The feeling of abandonment in both places is misleading—these environments are populated in their nooks and crannies, in vacant basements or underground burrows—punctuated by violence: the firing of weapons, the nighttime hunt of the owl, the click of a switchblade, the snake’s teeth snapping off the tail of a lizard—frightened, scampering, escaping with a third of its body gone and missing. Surviving still.
Much hidden life. Much nocturnal life. A quality of darkness that is truly dark. Light—when it appears—gloating with glare and a grimace: the halogen streetlight and the desert sun.
Unforgiving.
In harsh locales, the furtive are the best adapted.
Beautiful.
Fondation is terse, with some of the pieces barely filling a generously spaced page or two. His writing often goes for the gritty and ugly, with the very occasional lyrical touch as in the above passage (one feels its presence in the prose like one feels broken glass underfoot), but not out of perversity, though perversity is presented. Instead, those facets indicate his commitment to portraying (mostly male) loners and alcoholics, the violent and unhinged, and soldiers who have either returned from the latest Iraq war or who are still there (physically or psychologically).
Martyrs and Holymen has six sections: “Introductory Rites,” “Creeps,” “Interlude,” “Heroes,” “Closing Rites,” and “Epilogue.” Each section bears a Latin epigraph, such as Dominus vobiscum (The Lord be with you) at the beginning and Ite in pace (Go in peace) at the end.

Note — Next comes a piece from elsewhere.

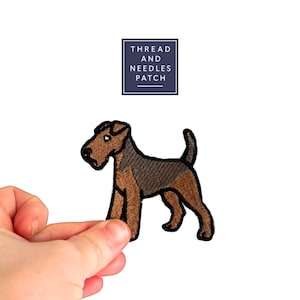 Könnte beinhalten: Gestickter Aufnäher mit einem braunen und schwarzen Airedale Terrier Hund. Der Aufnäher hat einen schwarzen Rand und befindet sich vor einem weißen Hintergrund. Der Text "THREAD AND NEEDLES PATCH" steht in einem marineblauen Quadrat.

There are rare mentions of a higher power, and ease of mind is fleeting. Fondation has always been good at conveying the impression that his characters could be neighbours. Fetishes are shared—for women’s feet, dirty or clean, for golden showers—as are predilections—an aggressiveness that threatens to become bloody—but their voices are not monotonous or unimaginatively rendered. As in his earlier books, Fondation presents us with a sub-class of people whose aims are modest, but compulsive, for the next drink, fuck or violent encounter.
The two most substantial sections, “Creeps” and “Heroes,” contain the bulk of the stories, which are, for the most part, first-person narratives by men. “Closed Door Policy,” the first story in “Creeps,” begins this way:
We pulled at the door of the bar.
“It’s not open,” I said.
“Kick the door in,” she said.
“Heroes” starts with “Repatriation,” a third-person tale of a vet newly returned from Iraq. He takes a bus from his base to rejoin his wife in their apartment:
He closed and locked the door.
He took her on the couch.
He fucked her fast and furious.
When he released his hands from around her neck, his cum shot deep inside her, she was definitely cold and lifeless and very dead.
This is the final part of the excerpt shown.